INFORMATION SUPPLIED =>
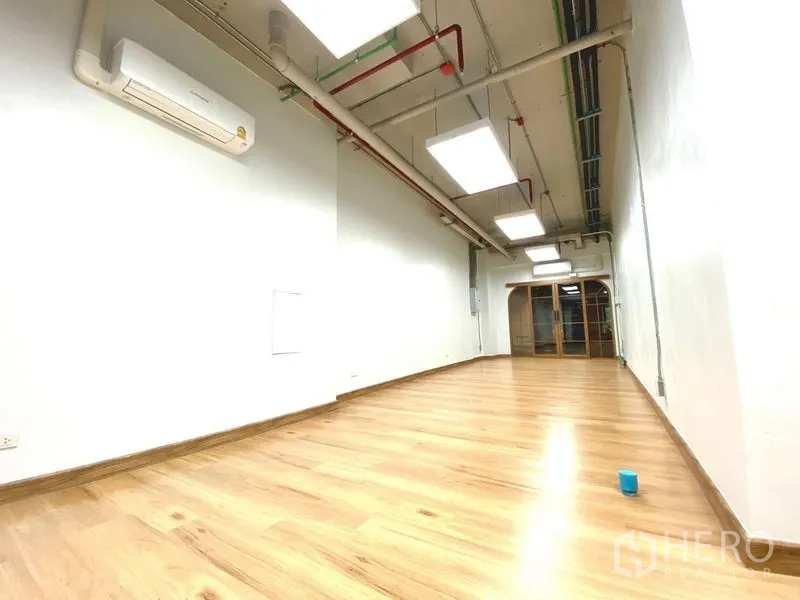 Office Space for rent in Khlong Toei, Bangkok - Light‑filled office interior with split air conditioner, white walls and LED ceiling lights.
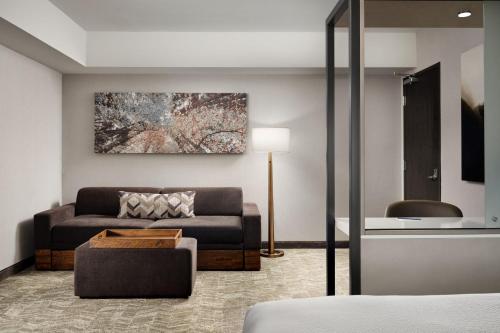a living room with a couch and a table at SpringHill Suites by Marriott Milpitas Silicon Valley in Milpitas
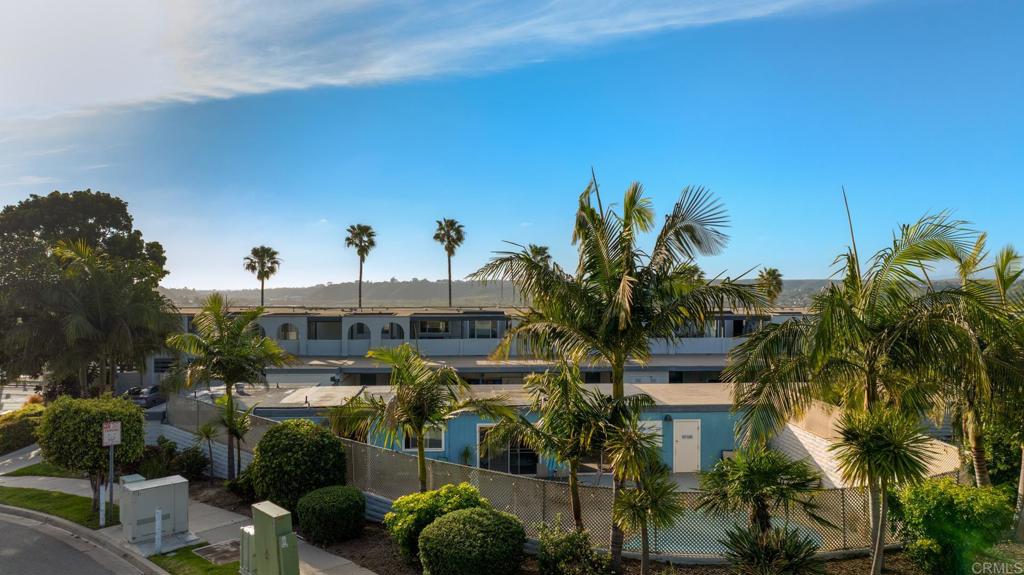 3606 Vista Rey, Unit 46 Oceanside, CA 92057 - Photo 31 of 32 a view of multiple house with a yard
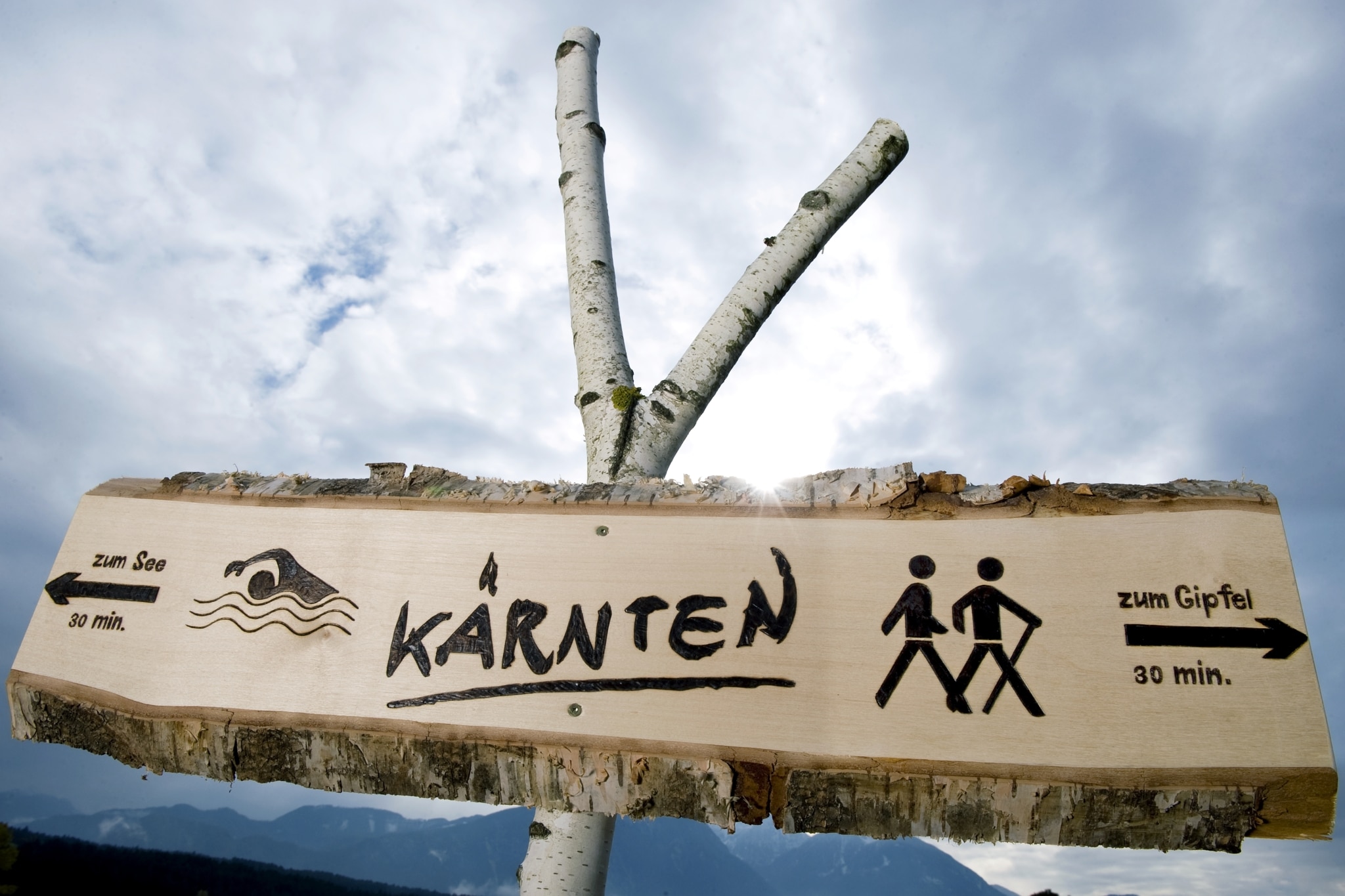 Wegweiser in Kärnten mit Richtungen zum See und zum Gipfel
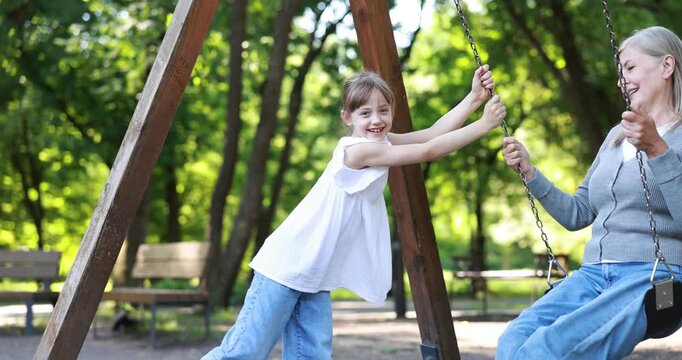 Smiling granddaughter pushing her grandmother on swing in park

---

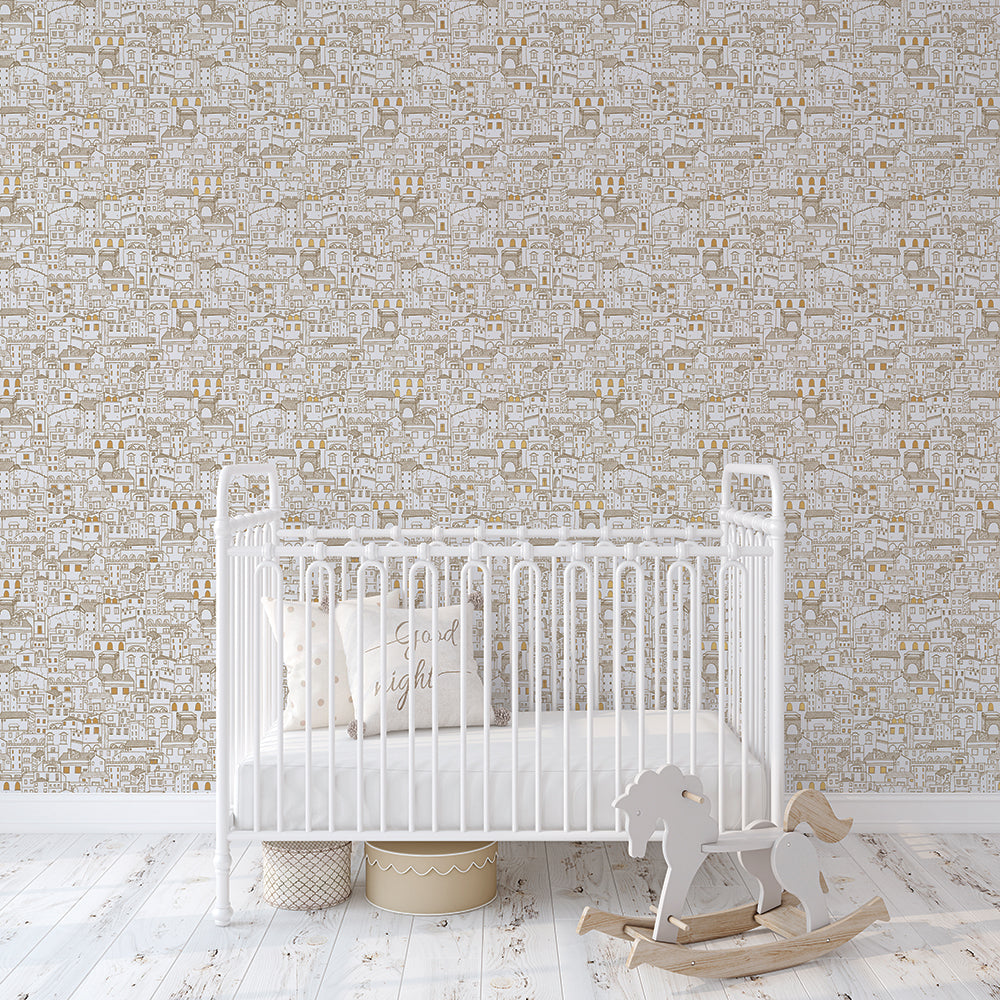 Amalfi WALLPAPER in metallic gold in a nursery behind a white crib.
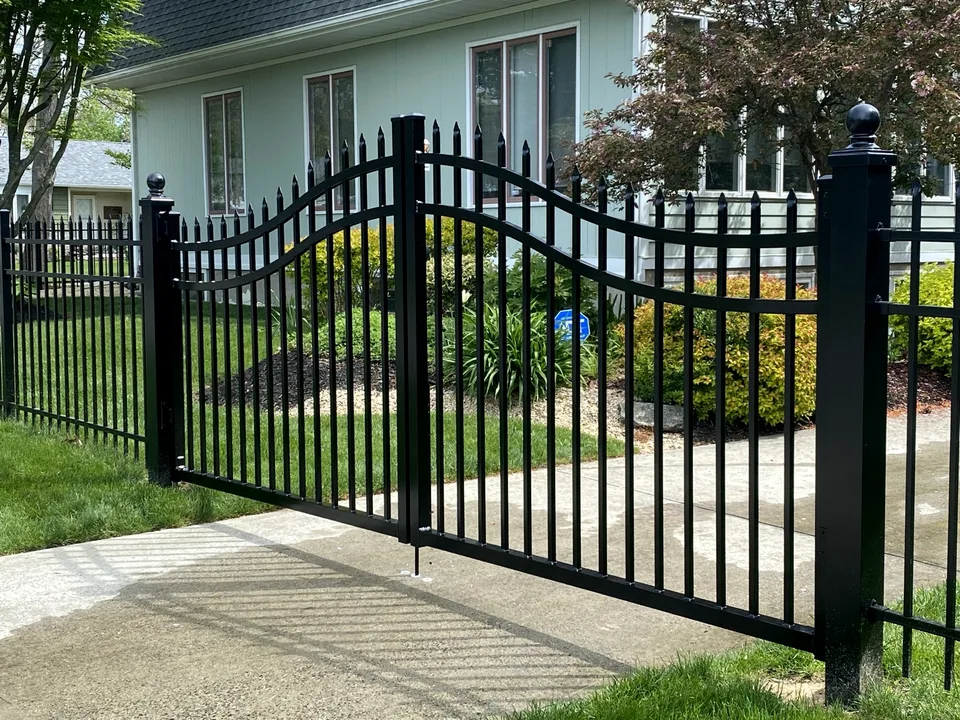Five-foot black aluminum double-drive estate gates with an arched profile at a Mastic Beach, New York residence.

---

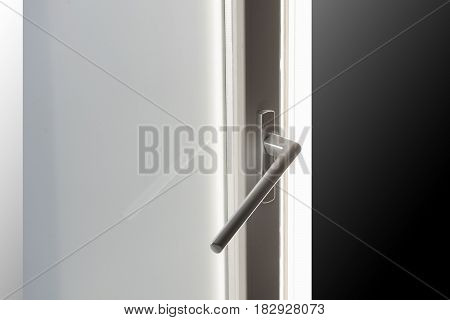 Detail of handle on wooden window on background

THE PROBLEM => In the listing above, find the line with "Office Space for" and the line with "3606 Vista Rey, Unit". Set down both and every line between them, minus the pictures.

RESULT OF THIS EXERCISE =>
 Office Space for rent in Khlong Toei, Bangkok - Light‑filled office interior with split air conditioner, white walls and LED ceiling lights.
a living room with a couch and a table at SpringHill Suites by Marriott Milpitas Silicon Valley in Milpitas
 3606 Vista Rey, Unit 46 Oceanside, CA 92057 - Photo 31 of 32 a view of multiple house with a yard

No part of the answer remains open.